Records for this task
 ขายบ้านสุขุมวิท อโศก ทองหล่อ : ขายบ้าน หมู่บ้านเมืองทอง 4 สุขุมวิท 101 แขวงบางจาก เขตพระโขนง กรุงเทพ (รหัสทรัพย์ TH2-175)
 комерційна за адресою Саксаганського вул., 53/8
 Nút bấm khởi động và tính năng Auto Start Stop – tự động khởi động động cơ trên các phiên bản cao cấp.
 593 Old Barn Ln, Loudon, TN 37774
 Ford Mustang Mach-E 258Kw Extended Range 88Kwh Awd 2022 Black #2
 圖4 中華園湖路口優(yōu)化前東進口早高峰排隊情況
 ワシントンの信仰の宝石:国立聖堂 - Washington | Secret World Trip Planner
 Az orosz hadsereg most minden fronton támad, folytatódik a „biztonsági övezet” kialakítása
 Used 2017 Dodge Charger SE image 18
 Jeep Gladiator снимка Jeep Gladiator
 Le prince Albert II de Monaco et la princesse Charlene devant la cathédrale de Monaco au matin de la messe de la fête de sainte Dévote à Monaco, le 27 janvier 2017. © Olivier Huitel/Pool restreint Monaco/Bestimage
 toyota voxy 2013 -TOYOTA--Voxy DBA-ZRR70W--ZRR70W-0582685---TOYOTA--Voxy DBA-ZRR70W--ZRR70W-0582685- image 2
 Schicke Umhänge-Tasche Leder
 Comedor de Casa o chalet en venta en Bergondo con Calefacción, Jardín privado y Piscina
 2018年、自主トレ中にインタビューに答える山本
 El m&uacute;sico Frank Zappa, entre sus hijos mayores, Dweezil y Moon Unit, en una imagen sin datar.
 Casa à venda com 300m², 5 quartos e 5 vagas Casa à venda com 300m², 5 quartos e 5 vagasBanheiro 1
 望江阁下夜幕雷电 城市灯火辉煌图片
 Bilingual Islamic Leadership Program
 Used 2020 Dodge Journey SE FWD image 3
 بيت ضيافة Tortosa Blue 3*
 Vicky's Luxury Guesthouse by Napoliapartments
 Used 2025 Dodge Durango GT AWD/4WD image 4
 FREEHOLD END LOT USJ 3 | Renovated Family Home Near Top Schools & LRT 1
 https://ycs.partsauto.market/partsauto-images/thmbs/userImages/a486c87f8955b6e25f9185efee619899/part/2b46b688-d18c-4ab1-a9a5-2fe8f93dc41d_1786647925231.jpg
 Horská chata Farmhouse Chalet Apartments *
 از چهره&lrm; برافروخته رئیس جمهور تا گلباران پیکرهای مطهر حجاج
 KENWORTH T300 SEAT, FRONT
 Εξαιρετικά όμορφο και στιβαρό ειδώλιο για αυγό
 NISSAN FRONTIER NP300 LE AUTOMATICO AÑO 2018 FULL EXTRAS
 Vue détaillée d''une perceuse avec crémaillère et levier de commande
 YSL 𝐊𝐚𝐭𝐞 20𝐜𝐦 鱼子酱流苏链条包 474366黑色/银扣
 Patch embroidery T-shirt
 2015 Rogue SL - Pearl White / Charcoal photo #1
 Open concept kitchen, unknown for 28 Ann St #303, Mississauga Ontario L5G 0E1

Exercise objective
Look over the material above and show each line where "Casa" appears.

Finished exercise
 Comedor de Casa o chalet en venta en Bergondo con Calefacción, Jardín privado y Piscina
 Casa à venda com 300m², 5 quartos e 5 vagas Casa à venda com 300m², 5 quartos e 5 vagasBanheiro 1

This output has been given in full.